Il n’y a que deux façons d’être « contre » la peine de mort :
- Vous en remettre à un miracle prochain : je ne vous dirai pas que c’est tenter Dieu, mais que c’est grand et beau. Cependant : est-ce juste ? Etes-vous sûre d’avoir l’étoffe de cette foi-là et n’est-ce pas plutôt une lâcheté ? Et quand bien même vous me répondriez que oui, trouveriez-vous normal de devoir en attendre autant de tous ? Je veux parler de ceux envers qui votre compassion devrait aller en priorité ! (De toute façon, si j’en crois les échanges que j’ai eu sur d’autres sujets, nous ne sommes pas nombreux à penser les choses ainsi, quant à en vivre, combien en restera-t-il !)

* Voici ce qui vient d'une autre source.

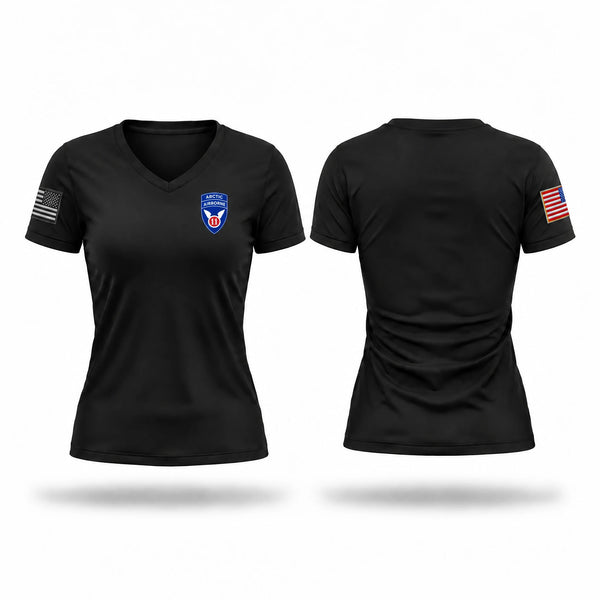 Womens Short Sleeve Vneck Shirt, Lancaster Recruiting Company, Army, Teamtime, Team time, sublimation, custom sports apparel, team uniforms, spirit wear, spiritwear, sports uniforms, custom shirts, team store, custom team store, fundraiser sports, apparel fundraiser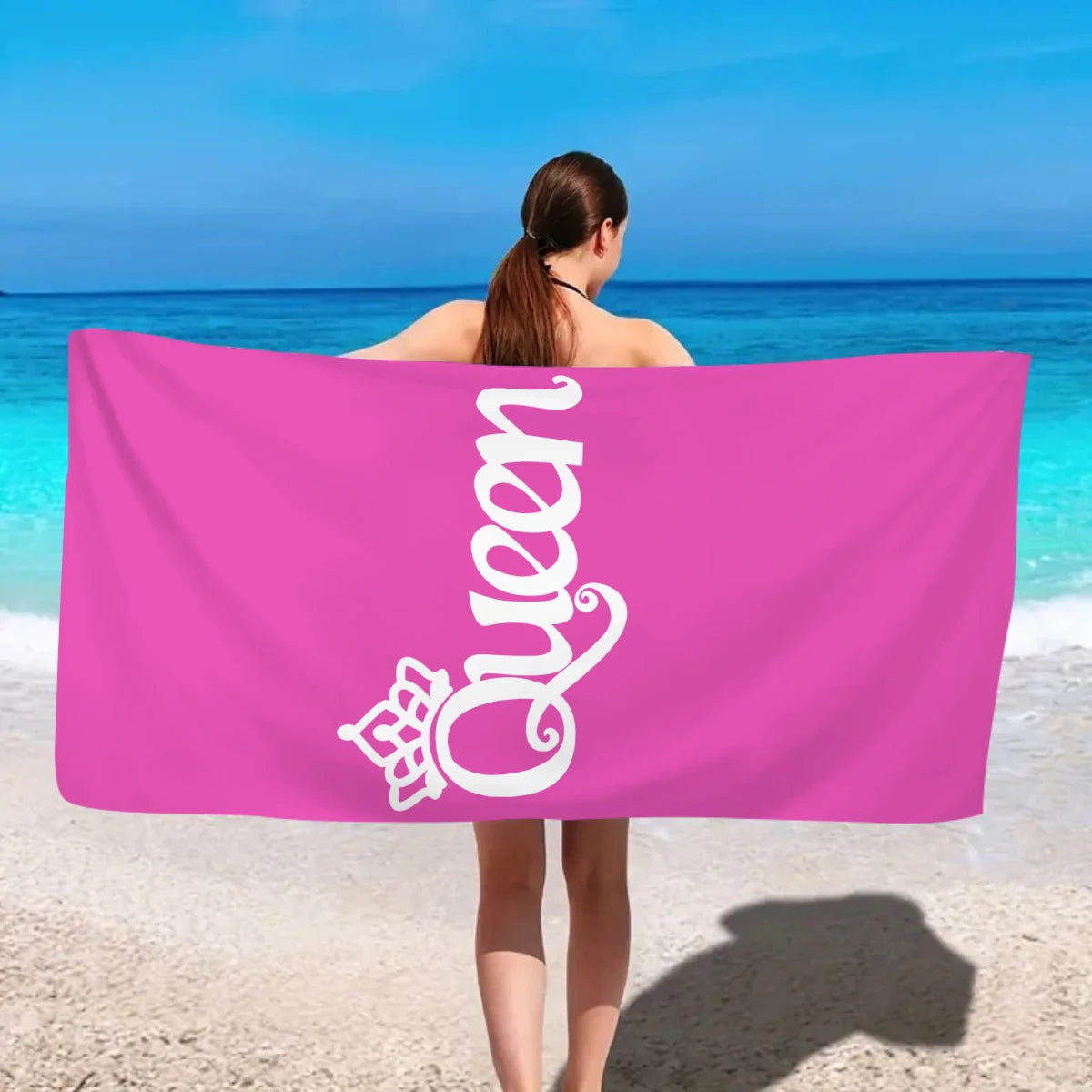 King & Queen Strandtücher – Schnell Trocknende Ultrafeine Mikrofaser Handtücher | Saugfähige Stranddecken für Schwimmen & Reisen Kaufschwan®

Vous sacrifier consciemment : ce ne peut pas être le choix d’une société, mais un choix individuel et quand vous seul êtes concerné. Car cette société s’autodétruirait après avoir profité aux plus indignes.
Soyons clair : il y a vengeance et vengeance (St Thomas d’Aquin parle du « soin de la vengeance », qui est nécessaire et juste et qui se passe de l’assentiment de « sa victime »), et elle est tout à fait hors sujet pour moi. Le mal est un mystère et une absurdité, on ne s’en venge pas, on s’en préserve. Sans haine ni méchanceté…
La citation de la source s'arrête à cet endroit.